Okay, put away your fedora, leather jacket and turn off any Indiana Jones tune in your head. The ancient treasure buried all over New York City, isn’t “that” kind of treasure. The treasure New Yorkers are digging up these days is just plain ol’ dirt.
Sorta’.
According to a July 25, 2018 article in The New York Times, just under the top layer of New York City dirt, a few feet under the rubble, broken glass and bricks, lower than top soil contaminated by a hundred years of industrial by products, are tons of valuable soils and other fill material. A few feet below the surface, are sediments laid down by glaciers during the Ice Age. The article quoted Geologist Joshua Cheng as stating that just below the surface ground, in parts of the city, there are deposits of sand, silt and rounded pebbles 200 to 300 feet deep. Until recently, soil (contaminated and usable) in and around construction sites in this city were all dug up and hauled away. Lumped together the good and bad soils were viewed as toxic waste and carted off to dumps and landfills. The article said, yearly, up to three million tons were carted away!
And, much of what had to be carted away needed to be replaced with “clean” fill.
All the digging up, hauling away and replacement action added up to a costly endeavor.

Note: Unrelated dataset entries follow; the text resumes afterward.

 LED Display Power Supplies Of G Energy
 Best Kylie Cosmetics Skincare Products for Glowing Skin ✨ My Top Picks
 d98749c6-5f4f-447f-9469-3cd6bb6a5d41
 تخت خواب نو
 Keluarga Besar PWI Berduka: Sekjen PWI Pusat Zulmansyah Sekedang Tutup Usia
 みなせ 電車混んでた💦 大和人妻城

So, the city has created the first local government soil exchange in the world. The NYC Clean Soil Bank. According the the soil bank’s website, “The NYC Clean Soil Bank is a non-profit and no-cost soil exchange operated by the NYC Mayor’s Office of Environmental Remediation that enables clean native soil excavated from deep below the ground surface during construction of new buildings in NYC to be directly transferred to nearby construction projects that need soil.”

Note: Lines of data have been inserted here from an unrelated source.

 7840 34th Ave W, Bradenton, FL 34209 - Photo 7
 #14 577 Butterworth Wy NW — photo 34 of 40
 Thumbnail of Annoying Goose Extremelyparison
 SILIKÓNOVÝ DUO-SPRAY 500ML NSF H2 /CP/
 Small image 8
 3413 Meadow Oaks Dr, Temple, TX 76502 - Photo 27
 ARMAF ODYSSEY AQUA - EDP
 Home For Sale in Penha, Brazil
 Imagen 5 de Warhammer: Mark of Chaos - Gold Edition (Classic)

The NYC Clean Soil Bank is not stockpile or warehousing operation. According to the city website, the “exchange matches projects in NYC that are generating surplus clean native soil with projects that need soil for new construction so that the soil can be transported directly between these sites. This is the most sustainable approach available for recycling of soil.”
The article stated that in five years, half a million tons of excavated materials have been delivered to various projects in the city, at a savings of $30 million!

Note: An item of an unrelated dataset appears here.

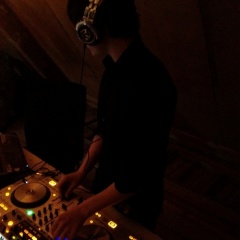 DJ Rivio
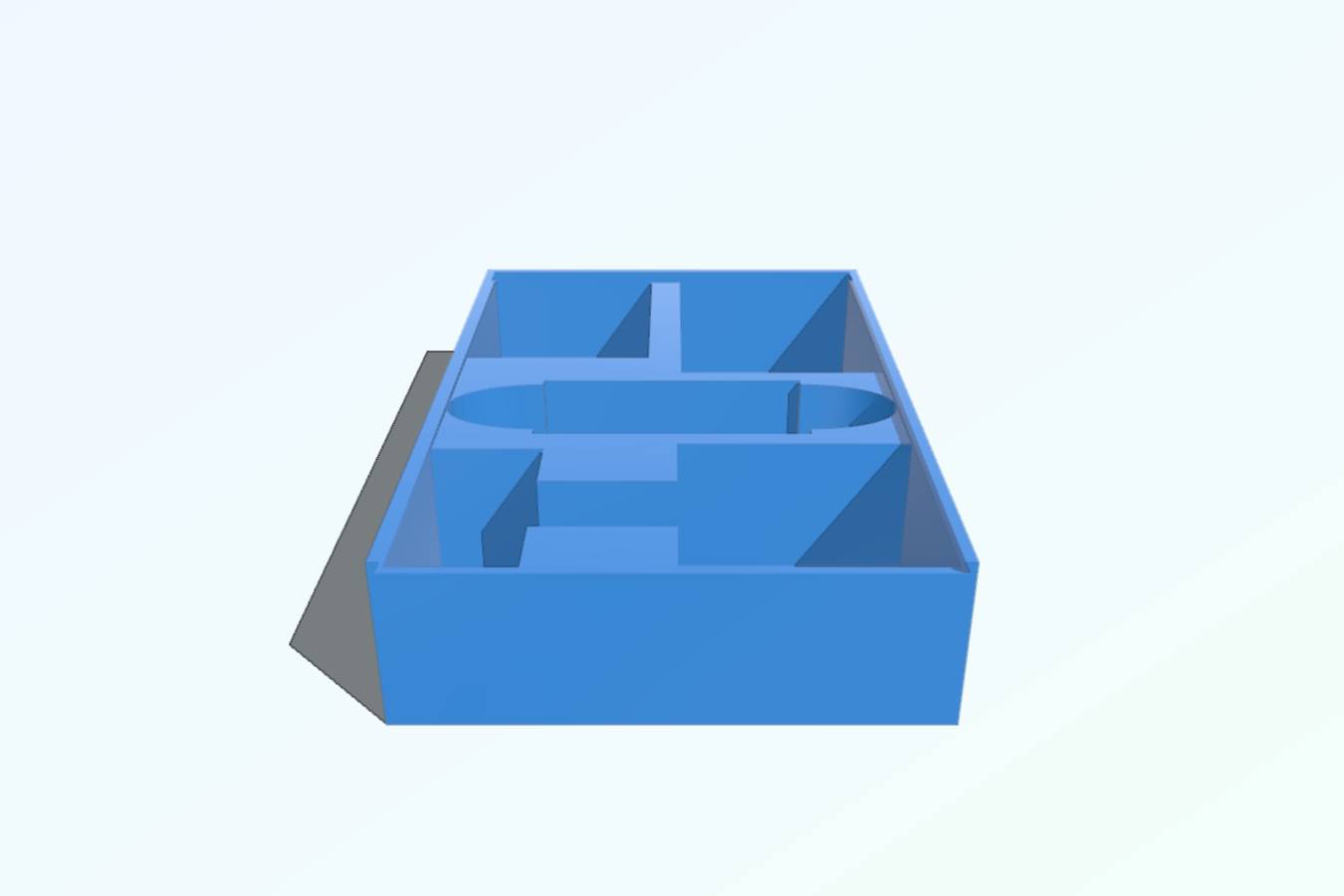 1a10fc5e-6fb5-4f71-a7a1-badb4c3ca98c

Sixty percent of the soil has been used on projects that make the city more resilient to climate change. These include projects for raising land elevation in flood prone areas and creation of fresh water and tidal wetlands. Ten percent of the soil has been used to remediate contaminated land. The remainder has been used as deep fill and to shape land surfaces. The clean soil project also has at least one other trick up their proverbial sleeves.
They are testing these urban soils ability to act as “sponges.” They are planting different types of cover-crops throughout the city in an attempt to suck out carbon dioxide and nitrogen from the atmosphere – this, combined with less hauling of dirt to faraway dumps – is hoped to help curtail global warming.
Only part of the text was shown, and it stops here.